#### [Dataset records]
┄┄┄┄┄┄┄┄┄┄

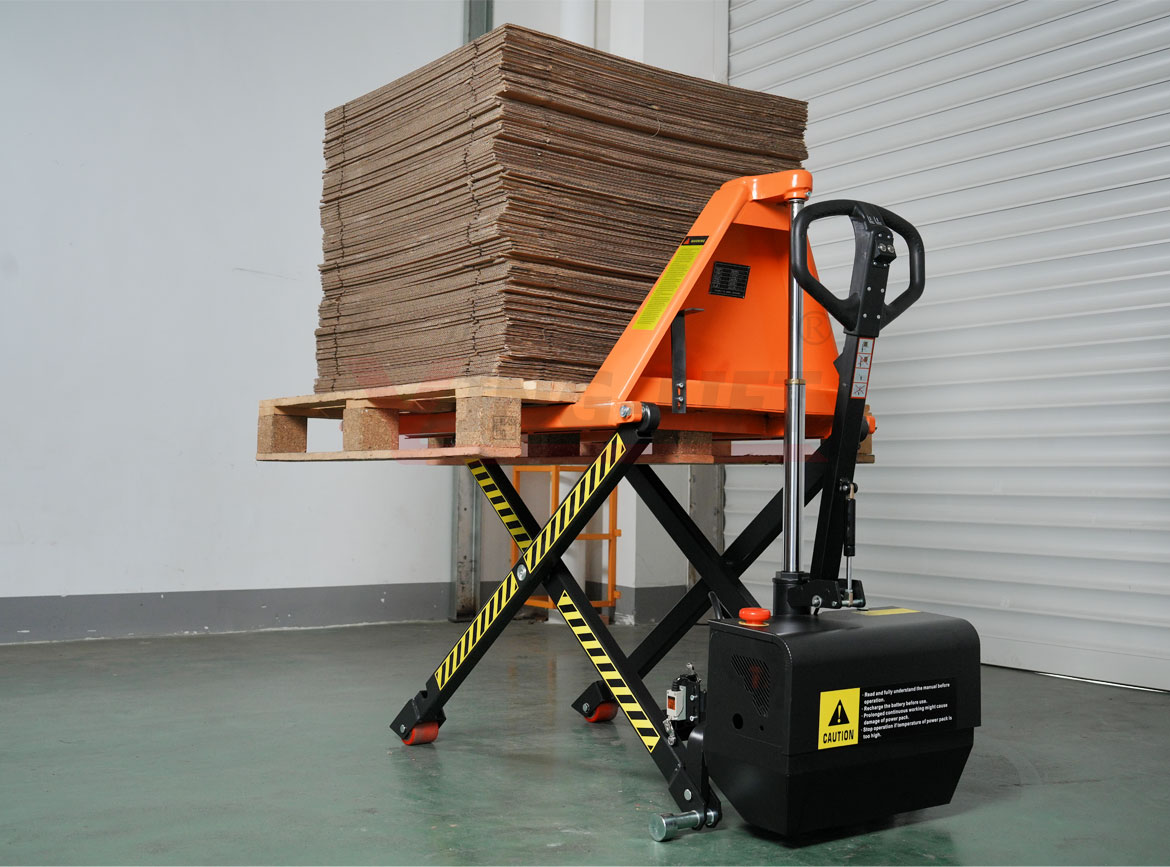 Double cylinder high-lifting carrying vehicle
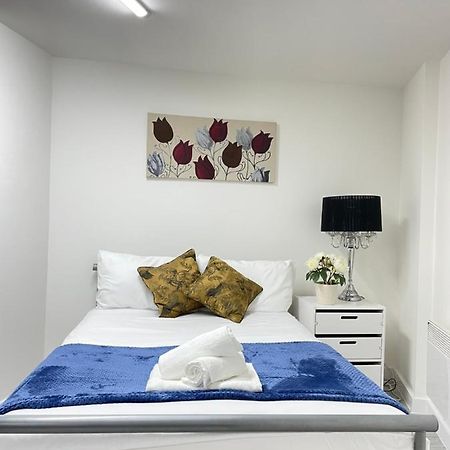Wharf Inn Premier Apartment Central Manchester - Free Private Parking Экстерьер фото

┄┄┄┄┄┄┄┄┄┄

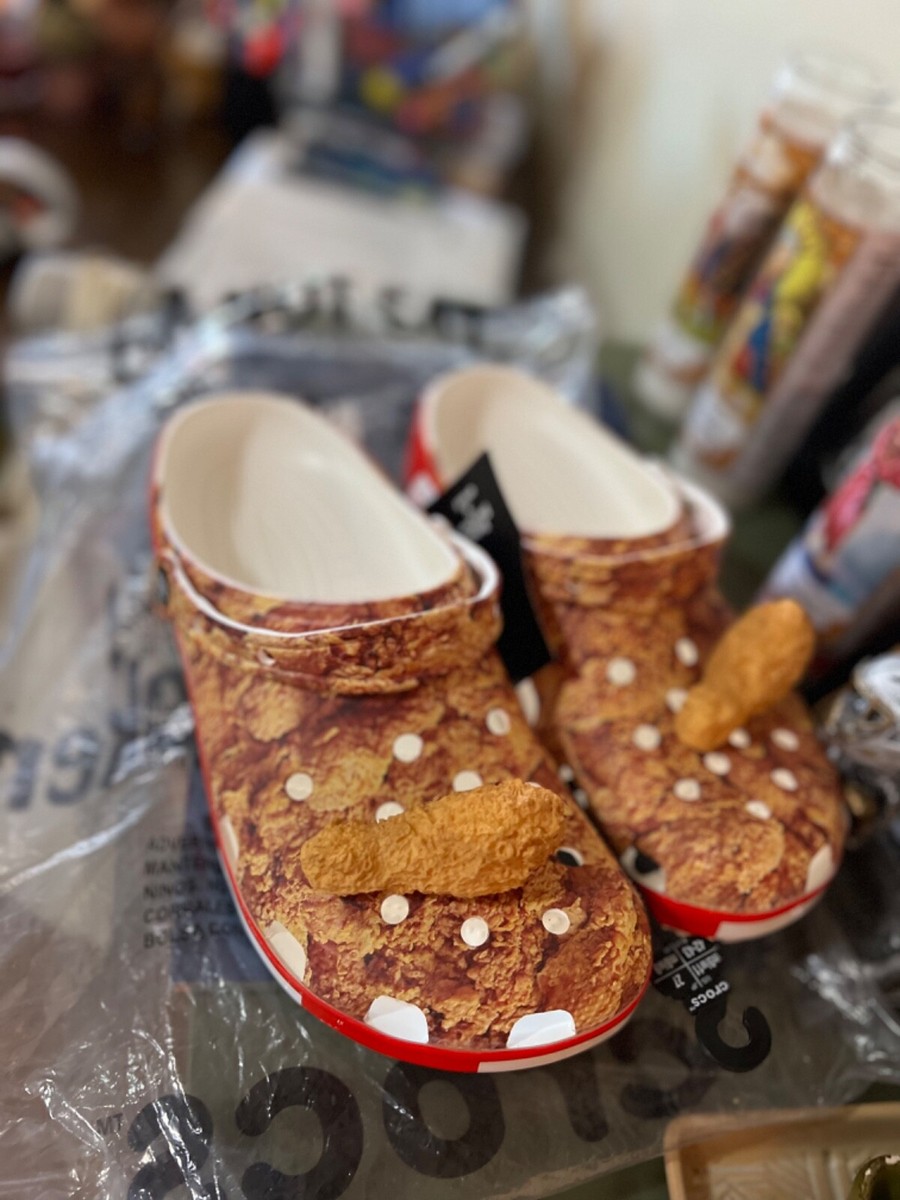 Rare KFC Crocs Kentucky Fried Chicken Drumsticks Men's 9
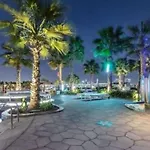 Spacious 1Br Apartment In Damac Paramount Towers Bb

┄┄┄┄┄┄┄┄┄┄

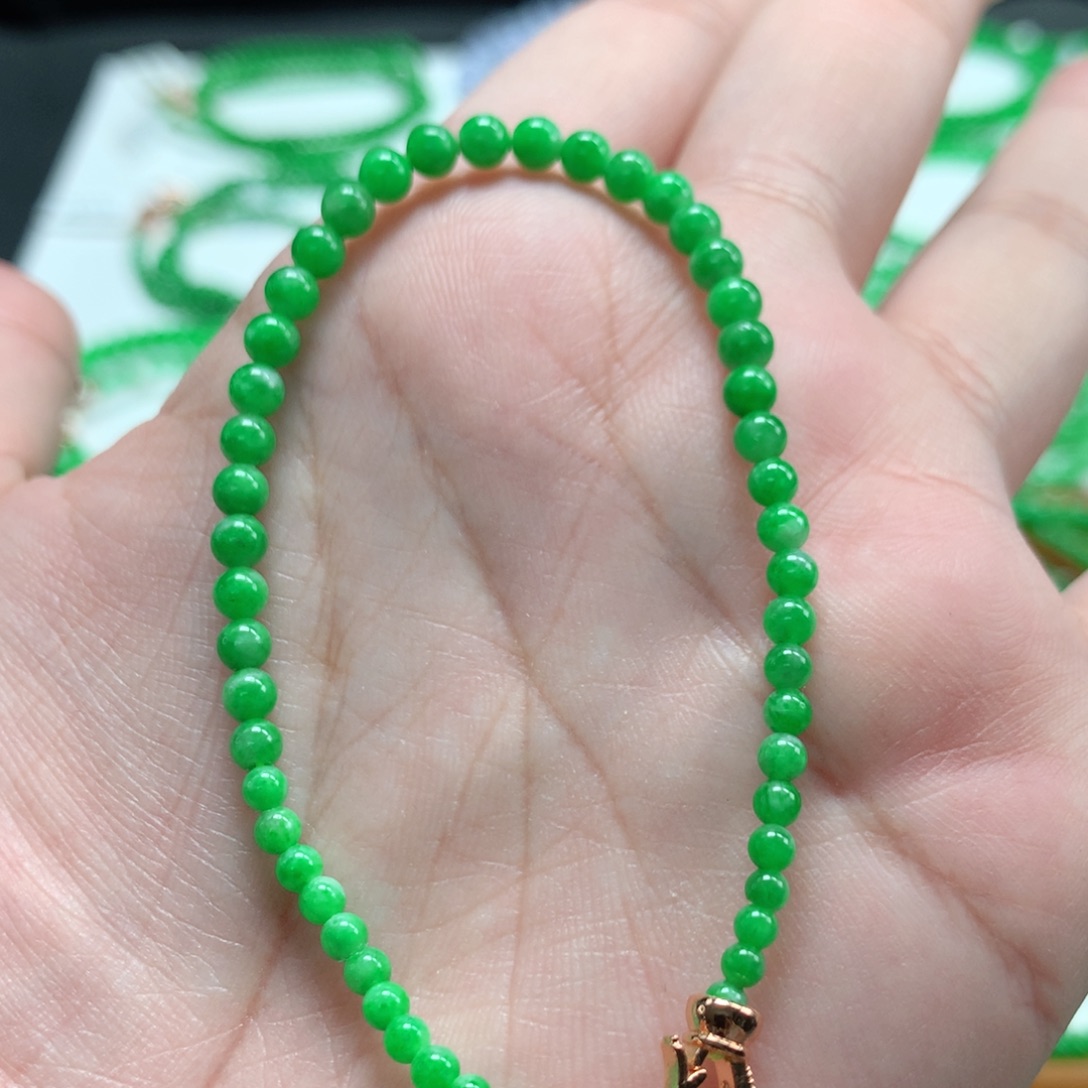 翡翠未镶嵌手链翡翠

┄┄┄┄┄┄┄┄┄┄

#### [Task brief]
Skipping the pictures, print the lines in the listing above exactly as written, starting at the line with "Double cylinder high-lifting" and ending at the line with "Wharf Inn Premier", both included.

#### [Exercise response]
 Double cylinder high-lifting carrying vehicle
Wharf Inn Premier Apartment Central Manchester - Free Private Parking Экстерьер фото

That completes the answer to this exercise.